Livre I. — Partie I. [1341]

CHAPITRE CXLVIII.


Comment ceux de Limoges reçurent le comte de Montfort comme droit seigneur ; et comment les barons de Bretagne ne voulurent venir à son mandement.


Cependant, et la fête attendant, il se partit de Nantes à grand’foison de gens d’armes, et s’en alla vers la bonne cité de Limoges ; car il savoit et étoit informé que le grand trésor que le duc son frère avoit amassé de long temps étoit là enfermé. Quand il vint là, il entra en la cité en grand bobant ; et fut noblement reçu des bourgeois, de tout le clergé et de la communauté de la cité ; et lui firent tous féauté, comme à leur droit seigneur ; et lui fut tout ce grand trésor délivré par le grand accord qu’il acquit aux bourgeois de la cité, par grands dons et promesses qu’il leur fit. Et quand il eut là tant fêté et séjourné qu’il lui plut, il s’en partit atout le grand trésor, et s’en revint droit à Nantes, là où madame sa femme étoit, qui eut grand’joie du grand trésor que son sire avoit trouvé. Si demeurèrent à Nantes tous cois, grand’fête demenans, jusques au jour que la fête devoit être et la grand’cour tenue ; et faisoient grands pourvéances pour cette grand’fête parfournir.

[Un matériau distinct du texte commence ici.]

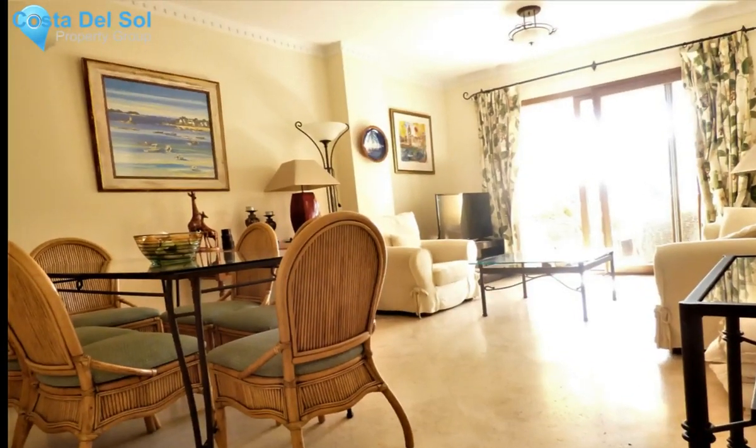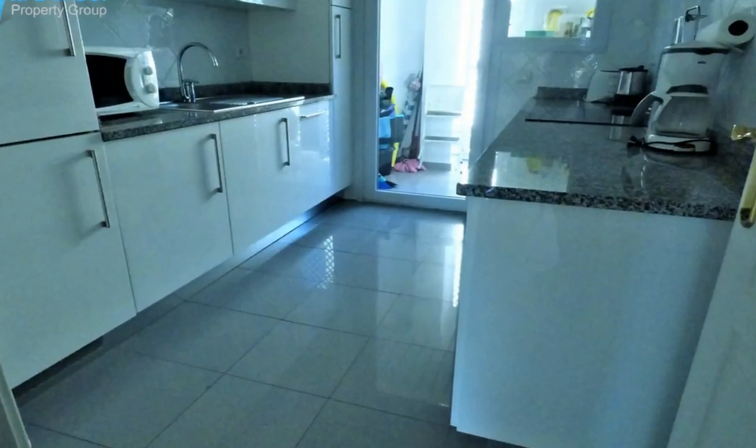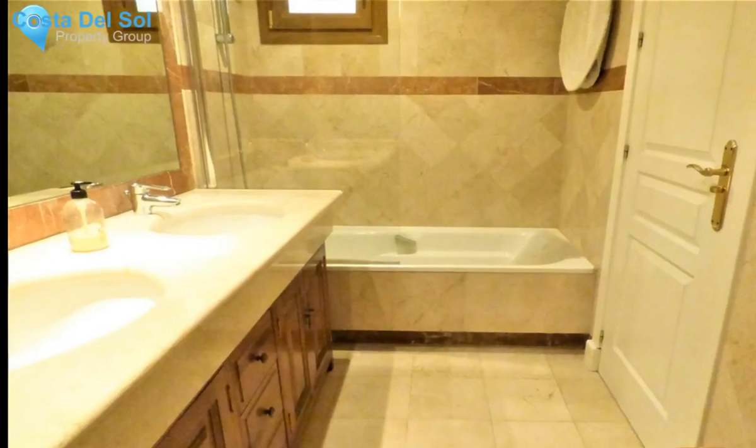A 3-bedroom, 2-bathroom apartment that has recently gone through a makeover and is fresh and clean. Fitted with new kitchen appliances, new washing machine and dryer. Sold fully furnished.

Quand le jour de cette fête fut venu, et nul n’y venoit, pour mandement que fait lui fut, fors un seul chevalier qu’on appeloit messire Hervey de Léon, noble homme et puissant, le comte de Montfort et la comtesse sa femme en furent durement courroucés et ébahis. Si firent leur fête par trois jours des bourgeois de Nantes et des bonnes gens de là entour, au mieux qu’ils purent ; et eurent grand dépit des autres qui n’eurent daigné venir à leur mandement. Et eurent conseil entre eux de retenir soudoyers à cheval et à pied, tous ceux qui venir voudraient, et de départir ce grand trésor que trouvé avoient, pour mieux venir le dit comte à son propos de la dite duché de Bretagne, et pour contraindre tous rebelles de venir à sa merci. À ce conseil se tinrent tous ceux qui là furent, chevaliers, clercs et bourgeois ; et furent retenus soudoyers venans de tous côtés, et largement payés ; tant qu’ils en eurent grand’plenté et à cheval et à pied, nobles et non nobles, de plusieurs pays.